21/08/2026
Hoje vamos falar sobre um assunto cada vez mais necessário? Fazer medicina não está fácil. Somada às dificuldades gerais e em diferentes níveis (a depender da área de formação, do profissional, do local de trabalho e da cidade), se soma a esse cenário a questão da velocidade e potência de distribuição de conteúdos e a carona que alguns profissionais de intenções duvidosas pegam nesse contexto para faturar mais.
Vale lembrar ao leigo: nem tudo o que parece científico é ciência. Gurus que prometem respostas fáceis, pesquisas apresentadas fora de contexto, estudos enviesados, argumentos falaciosos e conclusões que parecem definitivas podem convencer por serem apresentadas com a aparência da autoridade e infelizmente ganham geralmente muitas vozes e visualizações.

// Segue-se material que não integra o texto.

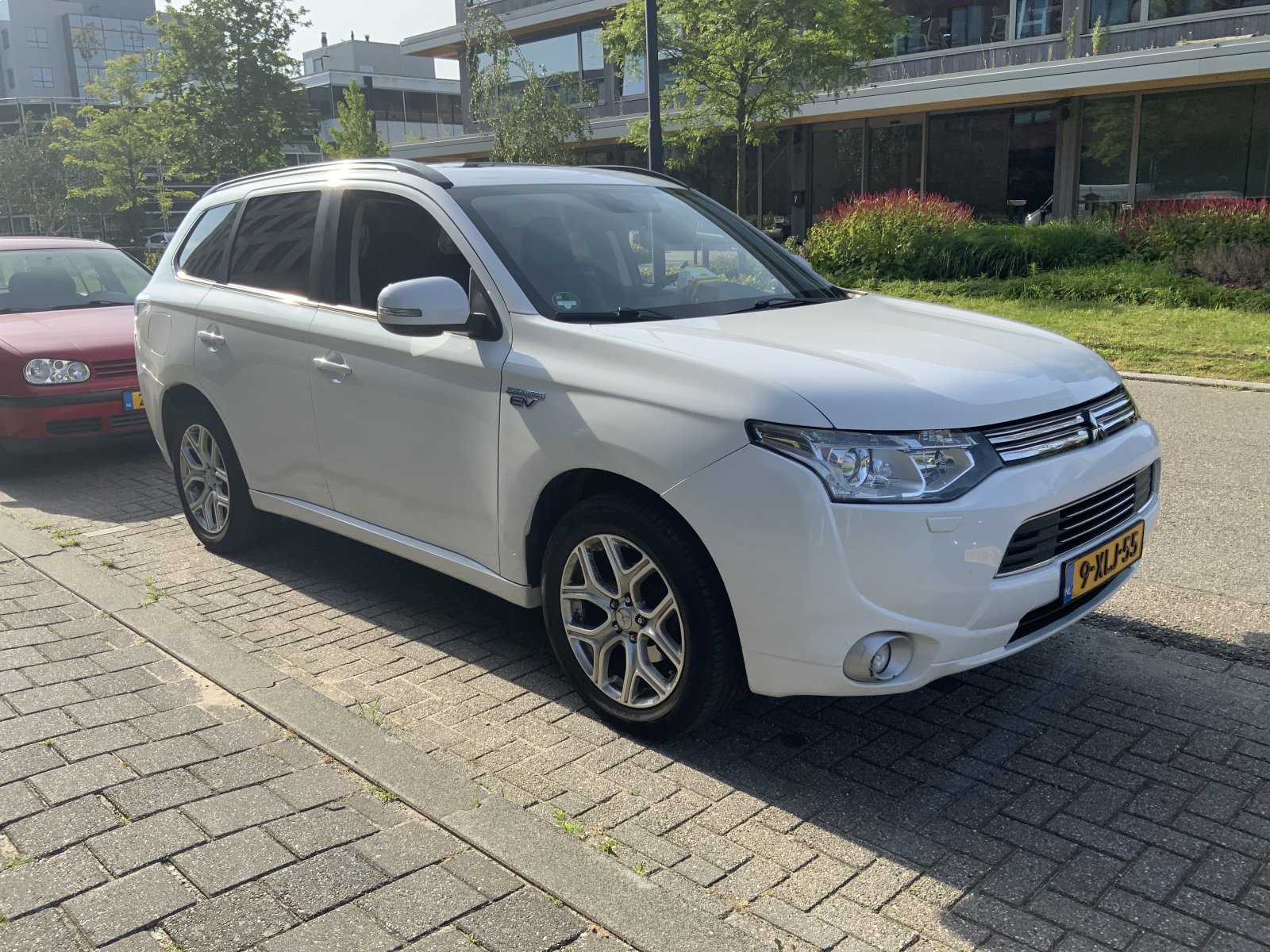 Inspectiefoto van Mitsubishi Outlander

Para algumas coisas na vida, é preciso ter paciência: a ciência ainda não tem uma resposta definitiva. O paciente não precisa de certezas fabricadas. Precisa de informação responsável e de um médico capaz de ouvir e interpretar sintomas, sinais, histórias e históricos.
Fazer medicina séria é, muitas vezes, resistir à tentação da resposta fácil. É olhar para a evidência antes da opinião, para o contexto antes da conclusão e para o paciente antes da fórmula. É preciso estar atento para não cair na tentação que a sociedade o tempo todo sugere e até deseja de transformar complexidade em simplif**ação, as vezes apenas porque a simplif**ação é mais fácil de vender.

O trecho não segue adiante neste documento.